U-Plan, UX Design Case Study

What is U-Plan?

My main reason for creating this app mock-up was mainly out of frustration, of not being aware of events around town and finding out about them long after they were over, or on the same day the event is scheduled to take place. Toronto is an extremely busy city, with several regions outside the GTA (Greater Toronto Area), therefore it can be difficult to travel to various locations without notice, planning, and accurate information.

Several factors are considered by most, if not all residents of this city when they are deciding whether or not to attend an event, including commute time (via public transport, or driving), parking, ticket cost/if there is a ticket, and believe it or not, the weather too.

This App is your one-stop portal to all events in your city (my city is Toronto, of course).

Features included:

Auto detect location

Select date/multiple dates

Apply category filters- Sports, Music, Family, Kids etc.

View event information- where to purchase ticket (website address), location, parking information, date, time, other miscellaneous information

Color-coded calendar, where each color represents a category

Research Findings:

Luckily, I discovered at a very early stage of planning that I wasn’t the only one who dealt with the frustration of having little to no information on events beforehand.

Several people that I interviewed felt the same way, and also noted that when they see pages, infographics, and advertisements on Social Media, they tend to ignore them and not pay attention.

Others admitted to not being able to find the information later when they look for it using the scroll option on their various Social Media apps.

Finally, many people expressed their frustration and disappointment in other websites that showed outdated information and after visiting multiple websites, would they find what details they were searching for.

— Results below are obtained from 11 people that took the Survey —

[ Snippets of the Survey, created using Typeform ]

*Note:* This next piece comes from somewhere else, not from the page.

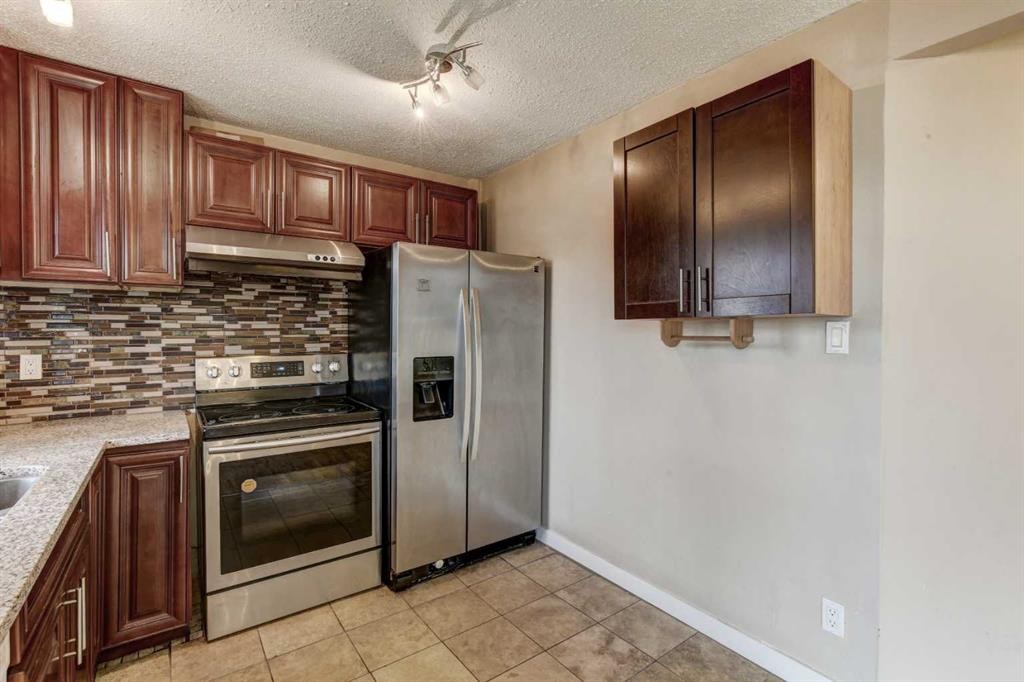1163 Falworth Road Ne, Calgary, AB - Indoor Photo Showing Kitchen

When it comes to being aware about events in the city, where do you stand?
I would like to know more about what’s going on in the city beforehand rather than finding out much later
I would be interested in…

How do you keep yourself up to date?

Does it take effort to constantly keep track of what is coming up and when?
Moving On…


Out of 15 in-person interviews…

87% said they visit multiple websites and apps to figure out what to do

73% said they ignored events and ads they saw in their email or social media

87% would prefer a platform that would act as a News App, but with Events instead, and would list multiple categories

20% appeared uninterested

80% admitted to being disappointed and irritated upon hearing of things when they have already occurred. (missed Color Runs, etc)

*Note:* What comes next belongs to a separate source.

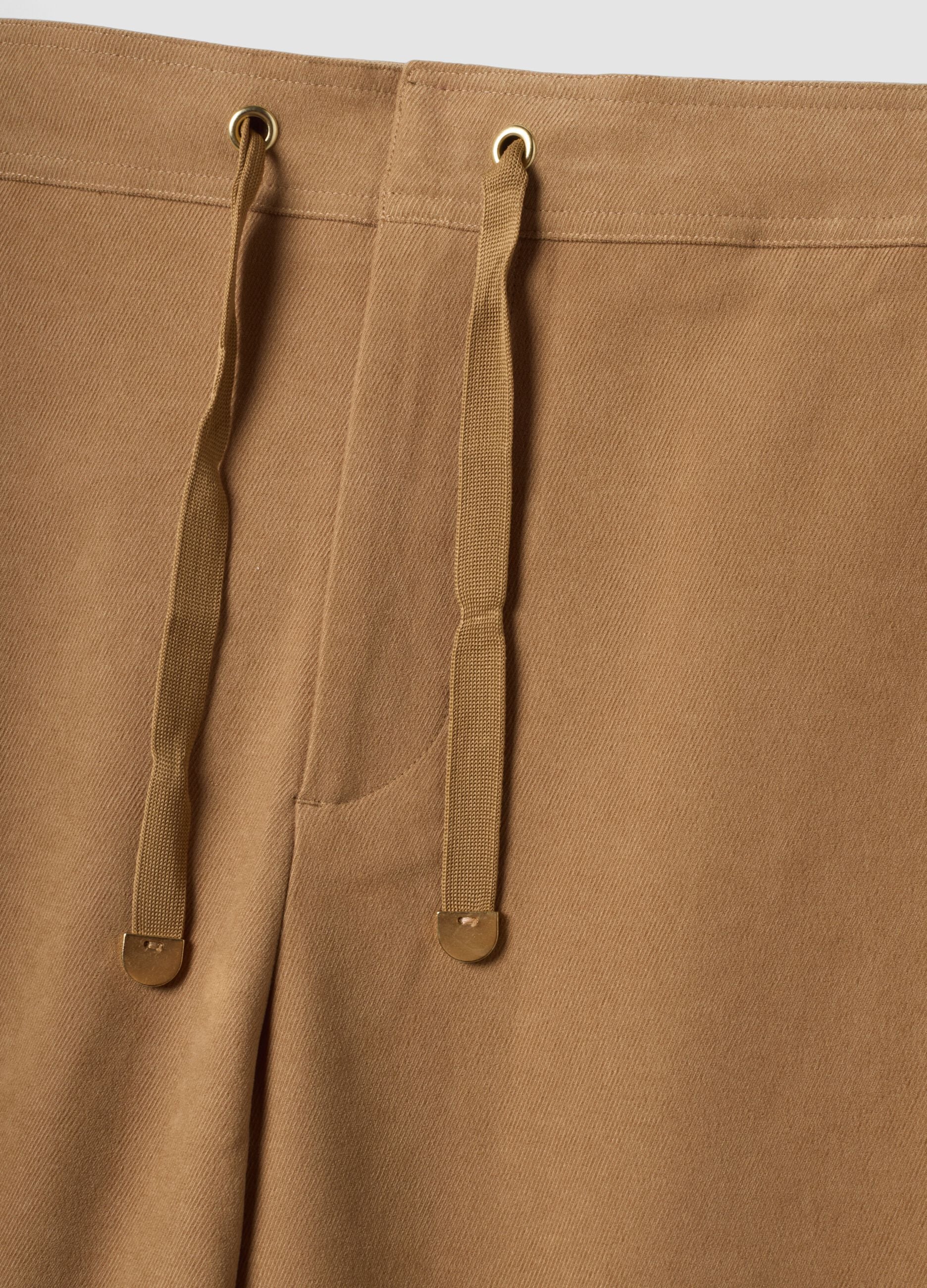 Brown wide-leg joggers in stretch fabric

The next step of the design process was to develop personas, or ideal individuals that would be likely to use an app like U-Plan. The results of the survey, both on typeform and via interview and casual conversation, are used to curate these personas.

Shay Smith

Her story in a nutshell: Loves to stay active and enjoys the outdoors but unfortunately cannot find much to do and finds it difficult to coordinate meetups with people.

Andrew John

His story in a nutshell: Andrew has more commitments than time. He wants to make time for both friends and family on the weekends, and being an Elementary School teacher, he doesn’t want to be in locations where he only sees kids on the weekend. Also a big foodie.

User Flow

Initially when mapping out the App and figuring out what steps the user should take, lead me to a complicated user flow. Although this chart above does not look complex, it involves additional steps that can and should easily be eliminated. Only after completing a few usability testing cycles was I able to determine what steps to avoid, or simplify.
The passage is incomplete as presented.